Dilema sofístico

Una cordial, equilibrada o inteligente madre me reprocha mi última crítica sobre “El testamento de María”, de Colm Toíbin, representada con enorme éxito en el teatro de Rosalía de Castro. Pese a tus comentarios loables, dice, echo en falta más pasión. Creo –añade– que relato tan sobrecogedor –madre afligida ante la corrupción de su hijo Jesús por amigos que lo arrastran hasta el ignominioso suplicio– humaniza la ternura y el coraje femenino de una criatura que hoy deberíamos colocar en otra hornacina distinta a la tradicional. 
Seguro que mi sagaz lectora tiene razón. Sin embargo, yo tampoco puedo sustraerme a las creencias donde fui educado.
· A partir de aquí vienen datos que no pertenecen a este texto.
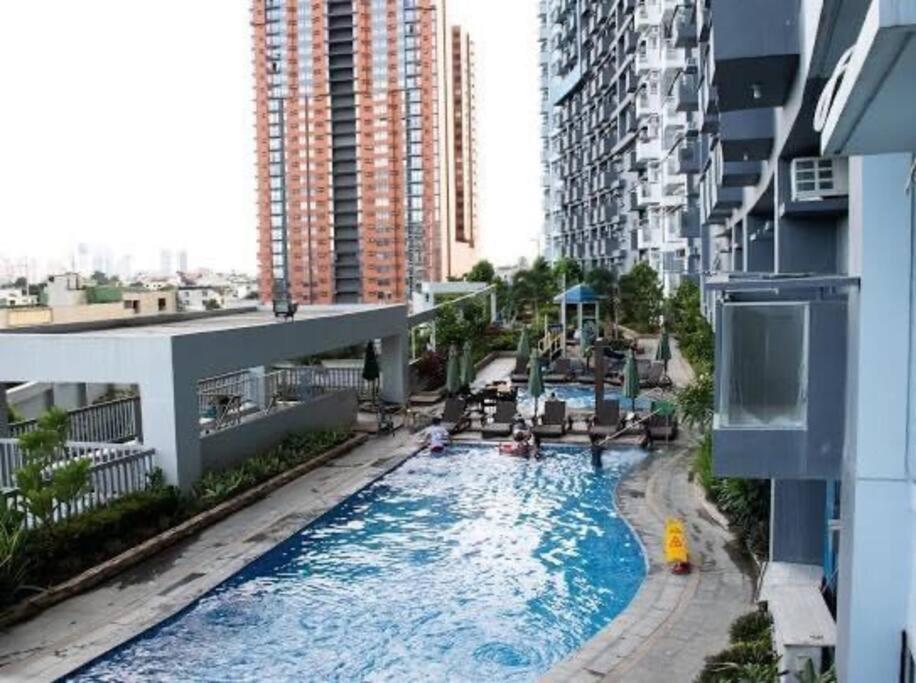Cubao Manhattanheights U31N Tb, Studio Unit マニラ市 エクステリア 写真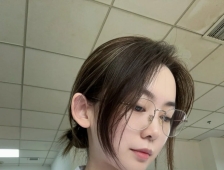 美女护士下海啦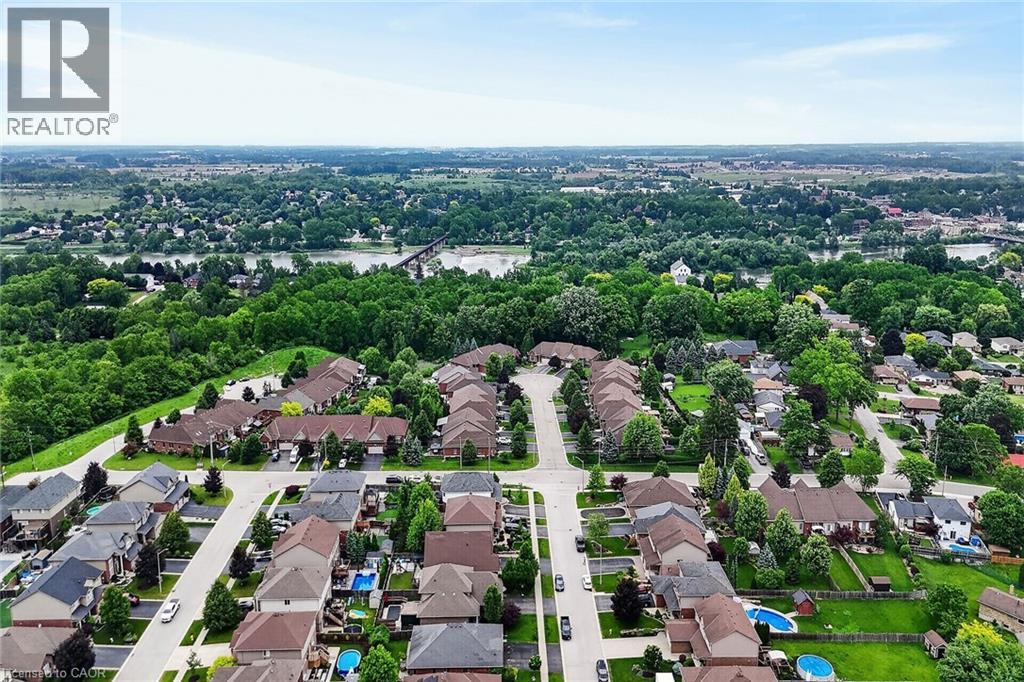 6 Southwood Crescent, Caledonia, Ontario  N3W 0A7 - Photo 47 - 40839448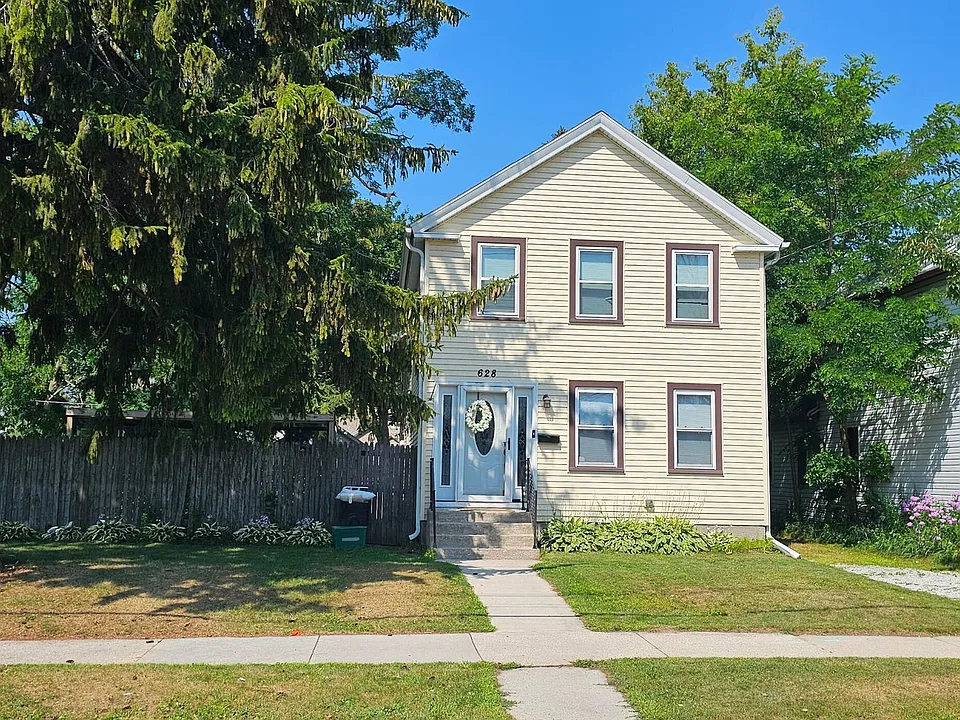 628 N 9th St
Se que la fe se tiene  o no y en manera alguna puede comprarse… Pero la teatral María arrancada muy fielmente del relato de Colm Toíbin –pagana, ceñuda y resentida– no es la María que me ha acompañado a lo largo de mi vida –“esclava del Señor”, “hágase en mí según Tu palabra” o quien inspiró la piedad de Miguel Ángel–. El novelista irlandés –magnífico, original, novedoso– describe concienzuda y primorosamente una nostálgica madre judía en la que yo no creo ni amo.
Esta situación escénica y mi fidelidad personal no pueden ser sometidas a un dilema sofístico forzándome a elegir entre una y otra. O si acaso, como entendía Píndaro, ser capaz de defender una cosa y la contraria según me interese. Tal, por ejemplo, el ave enjaulada que ataca los conejos portados en un saco. O cuando la protagonista afirma que “la memoria forma parte de mi cuerpo, como la sangre y los huesos”.
Nueva claridad para enfocar el problema. Dar mayor intensidad a la llama del quinqué. Sufrimiento necesario para salvar a la humanidad. Ahora todo es silencio y blasámica luz menguante. El mundo se ha distendido, como una mujer que antes de acostarse deja su cabello suelto... Mi María sigue meciendo mi cuna.